It really seems like you have progressed in your own healing so much now and are regaining your self-esteem and strengthening sense of Self, so it makes sense that a healthy relationship would ensue. Taking the risk to be vulnerable takes courage and nowhere are the risks as high as in love.

That's great that the flashbacks are minimum, and it's so brave of you to get in there and have a go, and I think having known him for a while...7 years...that's a reasonable amount of time to build foundations of friendship in, and hopefully things flourish from here on....and also for any masks to drop that might have been in place.

So happy to hear this news. My eyes lit up a bit when I saw the thread title.

Hope you keep us filled in on how it's all going from time to time. I'd love to hear more.
 
So B has talked to me on Skype a few times, texted me a few times and sent some books for me to read whilst I am sick. So he listened to what I said. I thought about what Anthony had said about honesty to me in another thread, so I took a risk. I, however, didn't dump my abandonment and attachment issues on B, I kept them contained despite being sick and unable to visit my psychriatrist, which I am pleased and proud about. I can keep the PTSD stuff in my own camp and still negotiate for what is important for me. This is a big step for me. Usually I withdraw or say too much. Even though I felt like withdrawing, I acknowledged this emotional pull to myself and calmed down enough to think it through and say something in a reasonable and timely fashion.

I guess being human and having PTSD I will make mistakes, but if I own it or make amends it is not like being at home with my family where I would be forever punished, flattened and pulverised. Out here in the real world - things can be tended to in a way which is not with such terrifying consequences.

I can talk about my needs, knowing that a fair whack of them I need to meet, myself, but not cut myself off so I don't exclude myself from the good stuff and rob my self of the needs that other people can meet like contact, companionship, connection and humour.
 
I have, continued, for the most part, to keep my PTSD, abandonment, grief, loneliness and so forth melt down whilst I was sick - in my trauma diary, with my psychriatrist and in a few emails to a few friends.
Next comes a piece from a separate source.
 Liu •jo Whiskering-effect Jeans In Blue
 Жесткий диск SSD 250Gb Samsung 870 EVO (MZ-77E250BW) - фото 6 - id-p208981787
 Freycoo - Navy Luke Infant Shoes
I am not perfect, of course, but I didn't dump my stuff on to B and many days have had a Skype time and a chat which has been good, though very hard at times.

I have felt hurt a few times by a couple of B's comments these last couple of days but I realise as a full time carer of his dementing father, he hasn't got much left over, himself.

B is as tactile as I am and it would be nice to spend some time with him for the touch and contact and I wouldn't mind some sex either but hugs would be awesome. Yet I haven't got money or energy to go interstate at this time. I don't think staying with him would be restful with his father being there.

So the relationship hasn't got much chance really, but it is nice to chat at the end of the day and make contact.

And to be honest I didn't think I was going to make it through the last lot of stuff. I really thought I couldn't go on. So maybe just enjoying the contact and communication is the way to go.

This has all been progress for me.
 
Thanks Froggie,

I think I am through the worst of the depressive episode, which was triggered by being very physically ill.

I have been talking to B on Skype, most days, and a little laughter and silliness goes a long way. I am so lucky to have had this contact during this challenging, dark and distressing time.

B has got me a ticket to go up on a cheap flight and stay for four days. Last time I was fine for three days, so I think I can manage four days. I have energy as well now.
 
I am a little overwhelmed by all the love and affection, which is what I really wanted and now I have got it, I need to develop some muscle around taking it in and enjoying it.

B and I have had some nice times together. The good thing is we can give each other space and he can go off and do his thing and I can do my thing and then we can enjoy each others companionship as well.

B is a full time carer for his Dad, and his Dad has a bit of dementia so he has a full plate. I am mindful of this.